Handschriftliches Schreiben der fürstlichen Hofkanzlei, gez. Hermann von Hampe und Karl Kraus, an Landesverweser Karl von In der Maur [1]
8.1.1903, Wien
Euer Hochwolgeboren!
Aus Anlass der bevorstehenden Verehelichung [2] Seiner Durchlaucht des Herrn Prinzen Aloys [Alois] Maria Adolf von und zu Liechtenstein, k. u. k. Rittmeisters in dem k. u. k.

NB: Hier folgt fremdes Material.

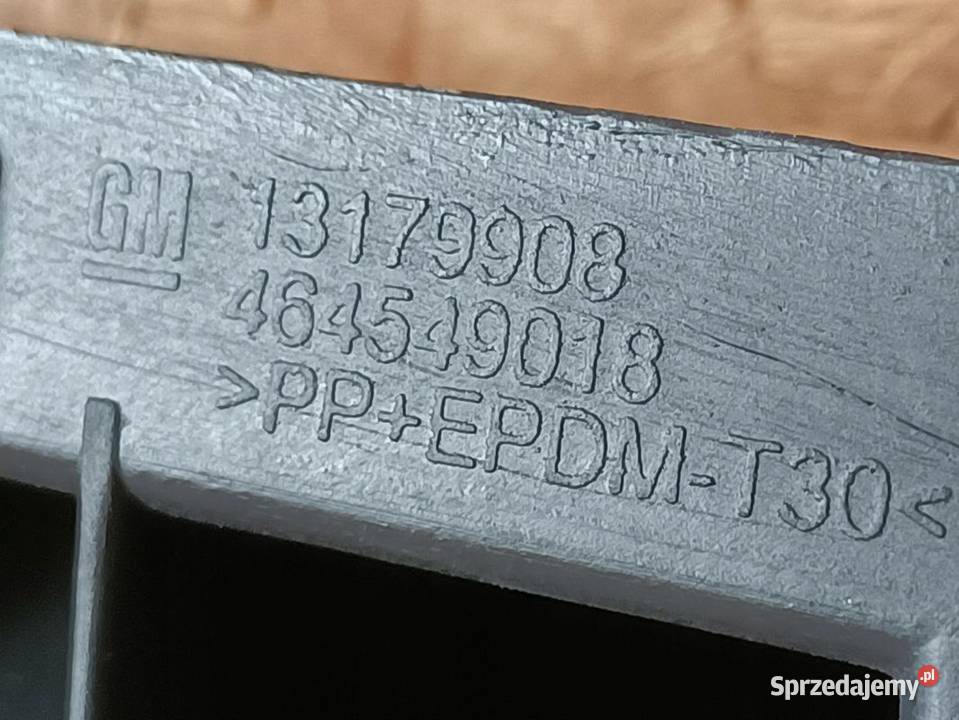 OPEL CORSA D ŚLIZG MOCOWANIE ZDERZAK TYŁ Pleszew sprzedam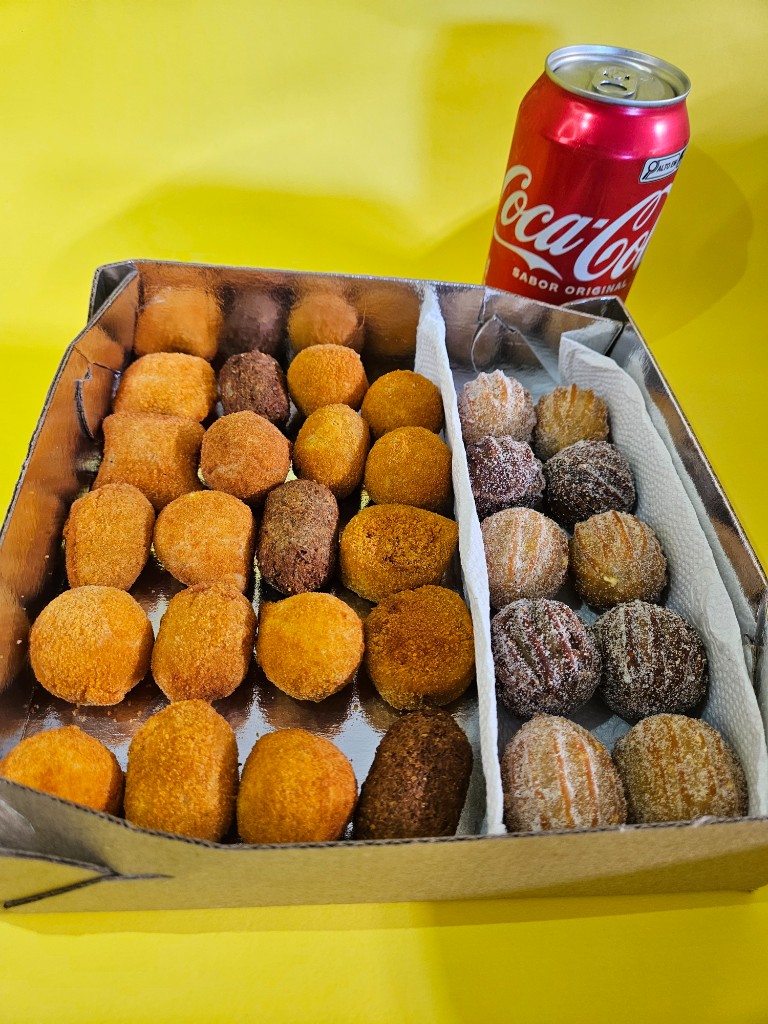 Amanda Salgados - Combo de salgadinhos com Coca-Cola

Uhlanen-Regimente No. 12, mit Ihrer Kaiserlichen Hoheit der durchlauchtigsten Erzherzogin Elisabeth Amalie Eugenia Maria Theresia Caroline Luise Josefa [3] werden Euer Hochwohlgeboren in Kenntnis gesetzt, dass Seine Durchlaucht der regierende Fürst [Johann II.] im Sinn der Hausstatuten [4] der hochfürstlichen Familie Höchstseine Einwilligung zur Abschliessung diese Ehe zu ertheilen geruht haben, wornach daher ein weiterer sonst nach dem Gesetze vom 16. September 1875, L.G. Bl. No. 4, von der fürstlichen Regierung zu ertheilender Consens [5] entfällt. [6]
Euer Hochwolgeboren werden ersucht, den Empfang dieser Mittheilung hieher bestätigen zu wollen. [7]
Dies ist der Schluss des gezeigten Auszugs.